Bei der Staudruckaufladung werden die Abgase aller Zylinder in einem einflutigen Sammelrohr zusammen- und einem einzelnen Turbolader zugeführt (bei größeren oder V-Motoren waren auch mehrere Turbolader möglich). Ziel war, einen möglichst gleichmäßigen Abgasstrom am Turbolader zu erhalten. Vor der Abgasturbine stauen sich die Abgase und treiben diese durch das Druckgefälle zur hinter der Turbine liegenden Abgasanlage an. Man nahm dabei in Kauf, dass die Abgase in der relativ geräumigen Abgasanlage teilweise expandierten (und damit einen Teil ihrer Energie verloren) und durch den Staudruck (= erhöhter Abgasgegendruck) der Gaswechsel beeinträchtigt wurde.

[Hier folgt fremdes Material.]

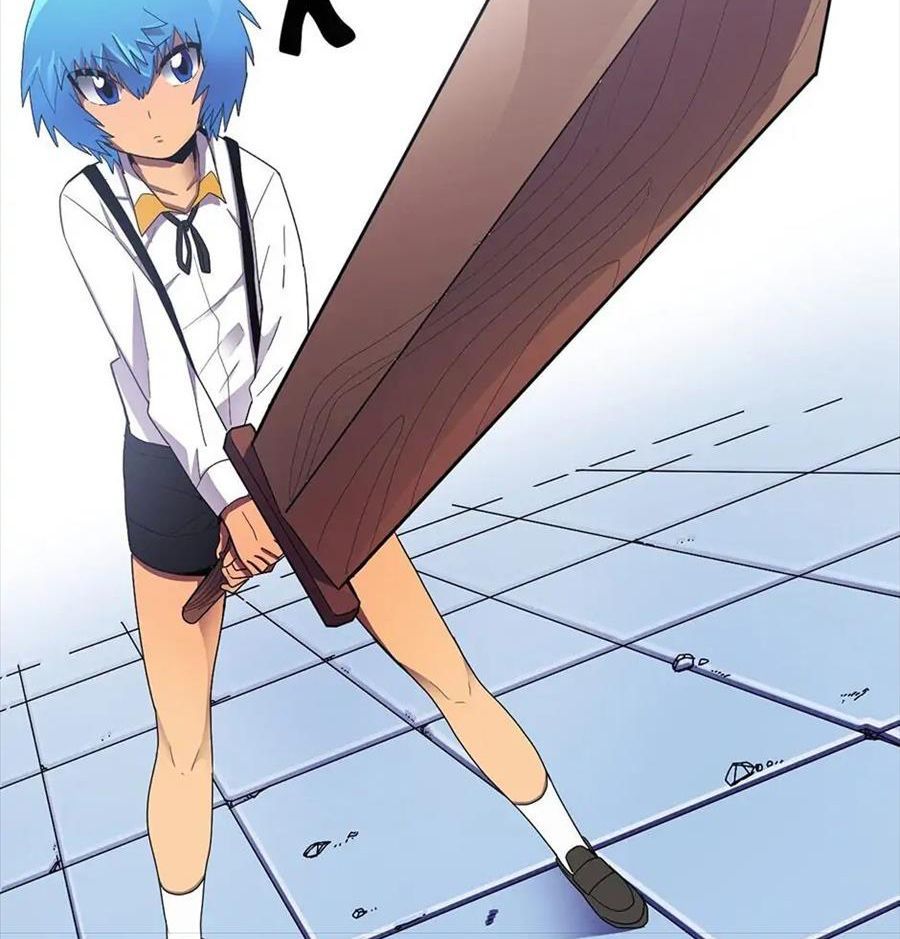 Phép Thuật Của Người Trở Về Phải Đặc Biệt Chapter 12 - 14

Die Stoßaufladung oder Impulsaufladung zielt darauf ab, dass die kinetische Energie der beim Öffnen des Auslassventils sich ausbreitenden Druckwellen möglichst gezielt und unmittelbar auf die Abgasturbine(n) geleitet werden. Ein in diesem Moment noch geöffnetes Auslassventil eines anderen Zylinders würde dazu führen, dass die Druckwelle sich auch in Richtung auf diesen Zylinder ausbreiten könnte. Dies würde dazu führen, dass nicht nur verbranntes Abgas in diesen anderen Zylinder gedrückt würde (und dort die Menge verbrennbaren Gases reduziert), sondern schwächt auch den Impuls der Druckwelle, die auf die Abgasturbine zuläuft. Zu jedem gegebenen Zeitpunkt darf also nur ein Auslassventil geöffnet sein.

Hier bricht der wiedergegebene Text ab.